··· Dataset excerpts
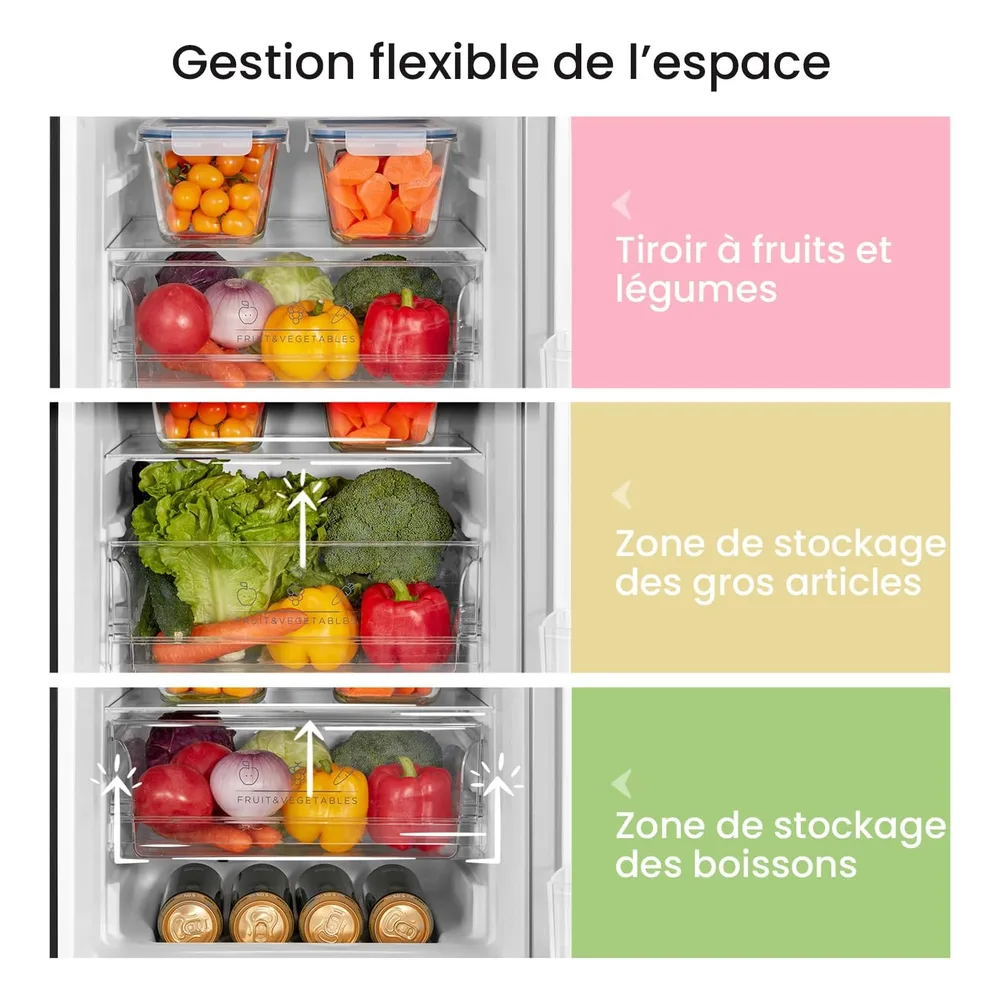 Comfee Réfrigérateur combiné 174 L 150cm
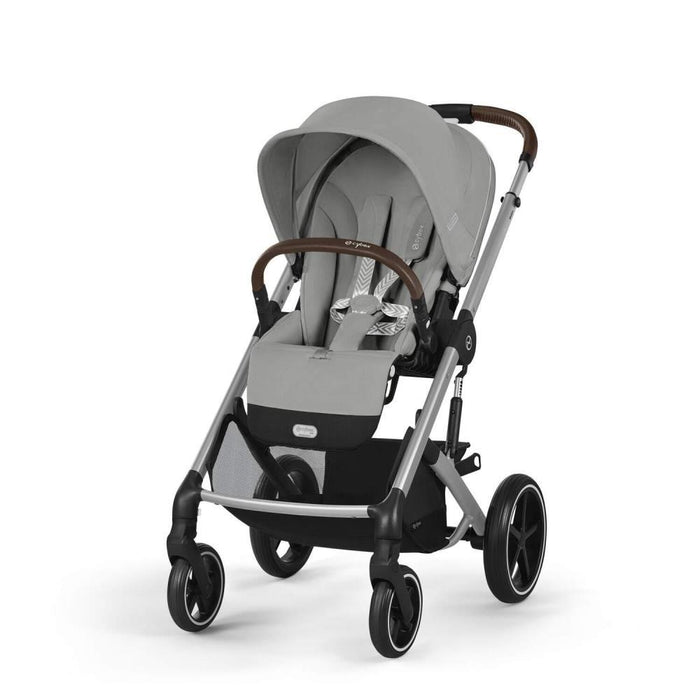 Carrinho Cybex Balios S Lux SLV B Stone Grey - Chassis Prateado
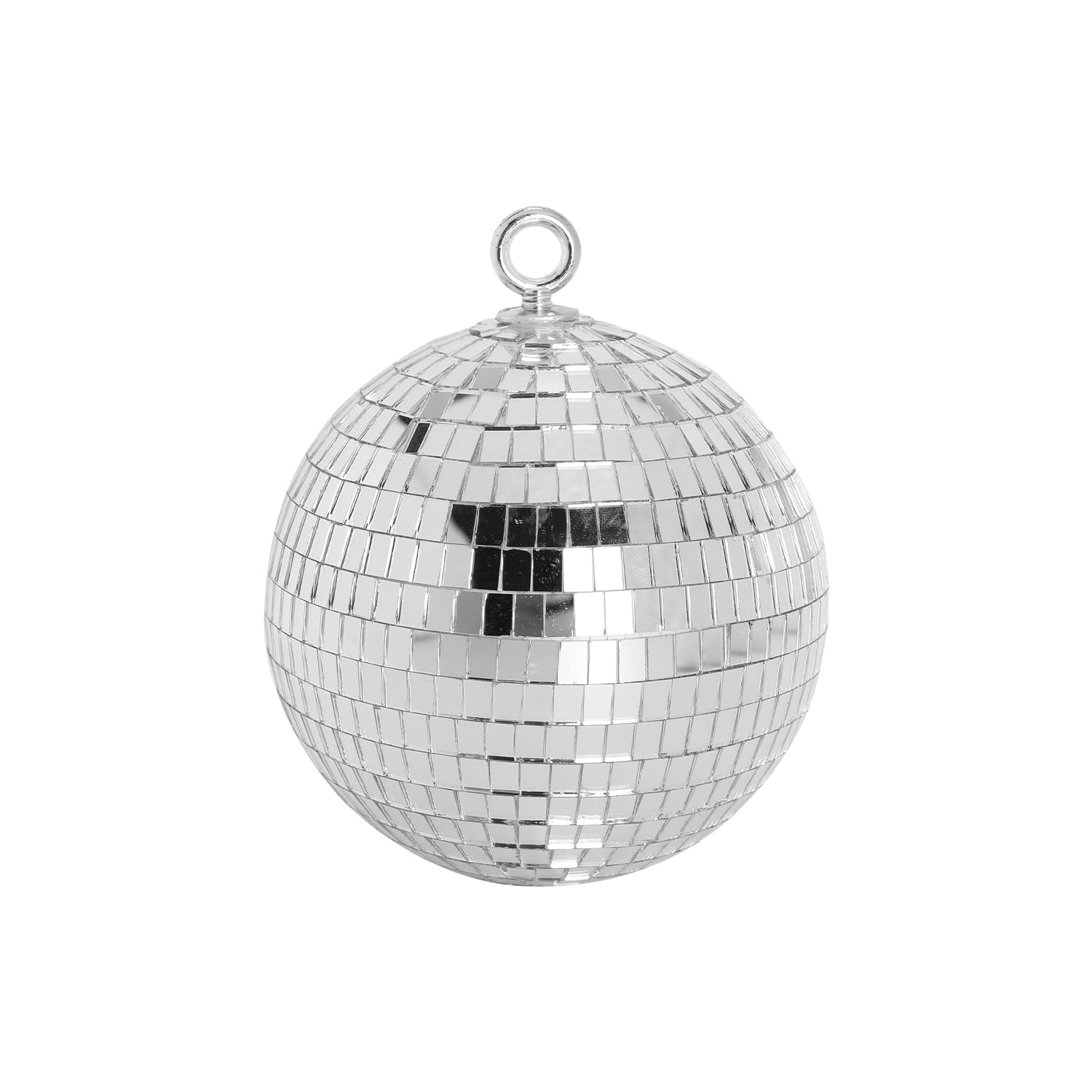 Mirror Disco Ball, 6 Inch Mirror Ball Silver Disco Party Stage Lightning Balls With Hanging Rings For Dj, Dance, Wedding, Christ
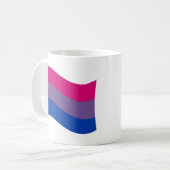 Bisexuelle Flagge Kaffeetasse (Vorderseite Links)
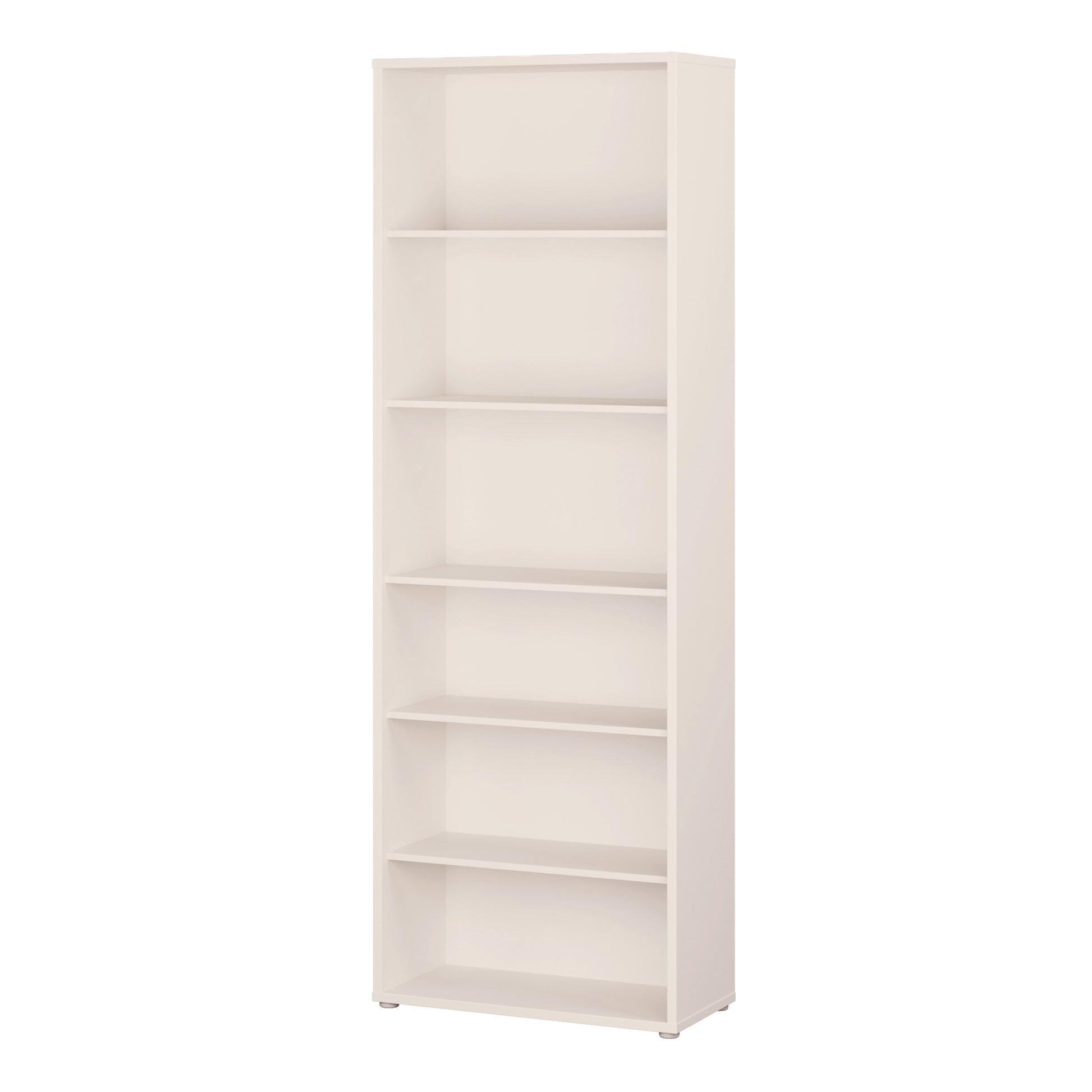 Alice Springs Tall Wide Bookcase with 5 Shelves in Sand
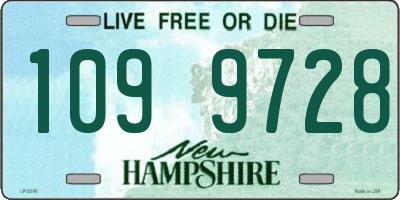 NH license plate 1099728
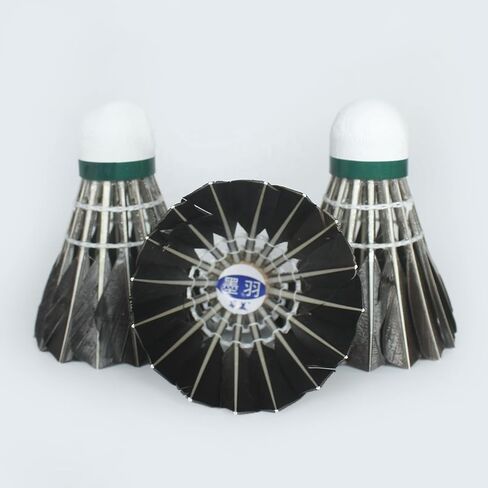 Huamei Black Goose Feather Badminton Shuttlecocks, Stable Flight & Very Good Durability 12-Pack in Saudi Arabia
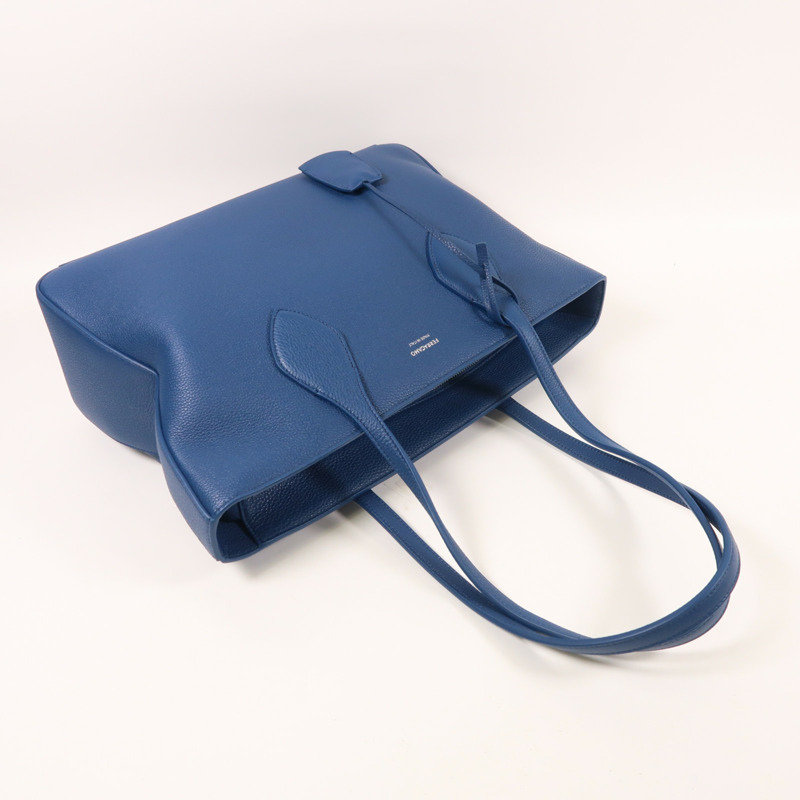 Salvatore Ferragamo 牛皮皮革Star Shaped Tote Bag銀扣手挽袋-7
······
* [What is needed]: Pictures aside, write out all of the records exactly.

* [Output for this task]:
 Comfee Réfrigérateur combiné 174 L 150cm
 Carrinho Cybex Balios S Lux SLV B Stone Grey - Chassis Prateado
 Mirror Disco Ball, 6 Inch Mirror Ball Silver Disco Party Stage Lightning Balls With Hanging Rings For Dj, Dance, Wedding, Christ
 Bisexuelle Flagge Kaffeetasse (Vorderseite Links)
 Alice Springs Tall Wide Bookcase with 5 Shelves in Sand
 NH license plate 1099728
 Huamei Black Goose Feather Badminton Shuttlecocks, Stable Flight & Very Good Durability 12-Pack in Saudi Arabia
 Salvatore Ferragamo 牛皮皮革Star Shaped Tote Bag銀扣手挽袋-7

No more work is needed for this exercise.